Hamilton County Commission Chairman Larry Henry said commissioners have heard Metcalf's request, but it's too early in the budget process to say how much money he will get.
"This is not anything that's real unusual with the medical examiner, as we've had budget requests in the past. It may not be the full amount that he's asking, but I'm sure there will be a compromise," Henry said.
When the law was passed, the local medical examiner was Frank King.
County Mayor Jim Coppinger said King was given a three-year grace period from the state to become a forensic pathologist -- another national requirement -- and to achieve the rest of the accreditation for the office. But King never did.
King retired last year after a 26-year career, and Metcalf was appointed to succeed him.
Tennessee's law is part of a nationwide effort to improve and standardize best practices for medical death investigations, Metcalf said.
The office was granted a provisional license in 2009, but that lapsed in 2010, according to NAME records.
Metcalf is only performing autopsies now because the county sought a two-year waiver from the General Assembly that exempts it from the national requirements until the office can get accredited.
If inspectors came today, the office wouldn't pass, and those inspectors likely will come some time after next year's budget is passed. Metcalf is asking to hire just three of the four needed positions, he said.

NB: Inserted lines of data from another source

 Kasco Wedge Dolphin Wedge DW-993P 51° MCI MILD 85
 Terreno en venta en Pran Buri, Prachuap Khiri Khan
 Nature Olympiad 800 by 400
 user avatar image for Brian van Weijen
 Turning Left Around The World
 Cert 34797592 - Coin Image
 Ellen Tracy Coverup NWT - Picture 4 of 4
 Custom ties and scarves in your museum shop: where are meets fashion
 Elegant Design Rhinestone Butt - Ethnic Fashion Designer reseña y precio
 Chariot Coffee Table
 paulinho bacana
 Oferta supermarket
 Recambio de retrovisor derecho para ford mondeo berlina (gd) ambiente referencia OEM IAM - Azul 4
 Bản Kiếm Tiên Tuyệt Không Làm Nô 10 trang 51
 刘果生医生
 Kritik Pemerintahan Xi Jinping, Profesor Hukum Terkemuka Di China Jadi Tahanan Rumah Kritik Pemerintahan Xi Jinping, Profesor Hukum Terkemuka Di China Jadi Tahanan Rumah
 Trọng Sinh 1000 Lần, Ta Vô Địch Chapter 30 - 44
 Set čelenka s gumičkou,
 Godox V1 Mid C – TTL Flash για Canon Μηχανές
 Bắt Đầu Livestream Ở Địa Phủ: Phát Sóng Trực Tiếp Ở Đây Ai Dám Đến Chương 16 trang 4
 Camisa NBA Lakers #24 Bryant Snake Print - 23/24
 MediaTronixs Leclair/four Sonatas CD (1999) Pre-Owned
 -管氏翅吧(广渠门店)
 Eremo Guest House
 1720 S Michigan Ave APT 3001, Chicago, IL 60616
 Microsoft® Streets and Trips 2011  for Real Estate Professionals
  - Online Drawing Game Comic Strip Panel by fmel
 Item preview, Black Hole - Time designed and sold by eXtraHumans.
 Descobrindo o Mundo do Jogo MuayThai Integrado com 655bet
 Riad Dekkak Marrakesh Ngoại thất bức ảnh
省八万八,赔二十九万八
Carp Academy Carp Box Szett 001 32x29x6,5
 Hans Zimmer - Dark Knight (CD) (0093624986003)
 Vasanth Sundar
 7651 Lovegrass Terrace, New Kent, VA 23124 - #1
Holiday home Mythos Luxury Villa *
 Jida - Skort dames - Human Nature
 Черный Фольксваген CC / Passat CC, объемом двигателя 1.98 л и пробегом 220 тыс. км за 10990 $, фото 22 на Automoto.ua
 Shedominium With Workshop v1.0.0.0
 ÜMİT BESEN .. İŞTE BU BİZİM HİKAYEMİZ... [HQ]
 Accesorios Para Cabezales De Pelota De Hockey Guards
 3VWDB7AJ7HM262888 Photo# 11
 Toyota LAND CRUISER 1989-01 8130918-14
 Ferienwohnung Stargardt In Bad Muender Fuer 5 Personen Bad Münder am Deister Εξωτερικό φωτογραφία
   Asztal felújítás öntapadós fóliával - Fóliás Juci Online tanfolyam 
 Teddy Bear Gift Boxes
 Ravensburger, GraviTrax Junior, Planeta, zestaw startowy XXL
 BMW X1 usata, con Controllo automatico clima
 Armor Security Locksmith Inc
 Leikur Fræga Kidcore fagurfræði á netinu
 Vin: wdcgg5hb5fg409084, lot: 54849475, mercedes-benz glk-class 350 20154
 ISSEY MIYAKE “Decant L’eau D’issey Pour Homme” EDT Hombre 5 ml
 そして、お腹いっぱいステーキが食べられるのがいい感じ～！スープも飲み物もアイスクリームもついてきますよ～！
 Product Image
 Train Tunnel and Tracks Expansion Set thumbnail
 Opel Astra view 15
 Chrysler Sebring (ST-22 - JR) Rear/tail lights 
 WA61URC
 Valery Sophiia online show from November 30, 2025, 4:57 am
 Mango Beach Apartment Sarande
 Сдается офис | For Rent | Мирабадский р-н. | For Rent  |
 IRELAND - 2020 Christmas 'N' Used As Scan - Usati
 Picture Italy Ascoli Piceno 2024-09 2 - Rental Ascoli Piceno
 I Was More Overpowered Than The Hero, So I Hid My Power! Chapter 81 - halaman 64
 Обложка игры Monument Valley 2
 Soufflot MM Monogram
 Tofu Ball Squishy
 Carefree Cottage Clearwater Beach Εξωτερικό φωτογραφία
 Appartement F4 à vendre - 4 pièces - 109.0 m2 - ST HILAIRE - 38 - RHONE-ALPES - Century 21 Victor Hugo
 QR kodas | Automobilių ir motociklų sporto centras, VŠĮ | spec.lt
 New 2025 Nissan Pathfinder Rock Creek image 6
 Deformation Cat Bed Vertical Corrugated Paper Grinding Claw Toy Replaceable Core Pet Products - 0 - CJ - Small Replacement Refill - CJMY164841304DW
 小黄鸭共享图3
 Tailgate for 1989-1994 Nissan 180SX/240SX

Metcalf hopes the inspectors will work with him if he can show progress toward their mandate.
"We are hoping that will not be an all-or-nothing thing," Metcalf said.
Still, if Metcalf can't get any of the requested money and can't make any of the changes, inspectors won't certify him and the state will pull his autopsy rights.
At that point, each body sent to Nashville will cost the county $1,400. Last year, the cost of having all Hamilton County autopsies performed in Nashville would have been $196,000.
Travel expenses would only add to that cost.
"There's a lot of logistics involved that people don't realize. And the costs of changing those logistics stack up," Carroll said.
Aside from pocketbook problems, having the medical examiner who performed autopsies nearby can help investigators solve cases more quickly.
If detectives have questions about an autopsy report, or a specific finding by Metcalf, they can go speak to him. Getting information from medical examiners in Nashville doesn't happen so quickly, Carroll said.
Also, the turnaround on results of laboratory tests from the state tend to take months. Metcalf currently contracts with a private lab, which can return toxicology or sexual assault kits in a matter of weeks.
Those test results can be important to public safety, Carroll said.
"That turnaround is important, especially if you are going to make an arrest based on those results. But if you don't have that -- if you don't have an identification to make an arrest -- you're waiting on lab results," he said.
On the prosecution side of things, Carroll said having easy access to Metcalf during a trial saves the court time.
Typically, medical examiners who performed specific autopsies are called to testify in court. It's easier for Metcalf to drive downtown than it is for the court to subpoena a Nashville doctor -- who is probably subpoenaed by many other courts.
"I hope they don't have to start sending autopsies to Nashville, because it's inconvenient for everybody," Carroll said.
On the other hand, if all Metcalf's needs are met, Hamilton County could see dividends.
If staffed and accredited, Metcalf's office intends to become a regional forensic center, performing autopsies not just for Hamilton but surrounding counties as well -- for a fee.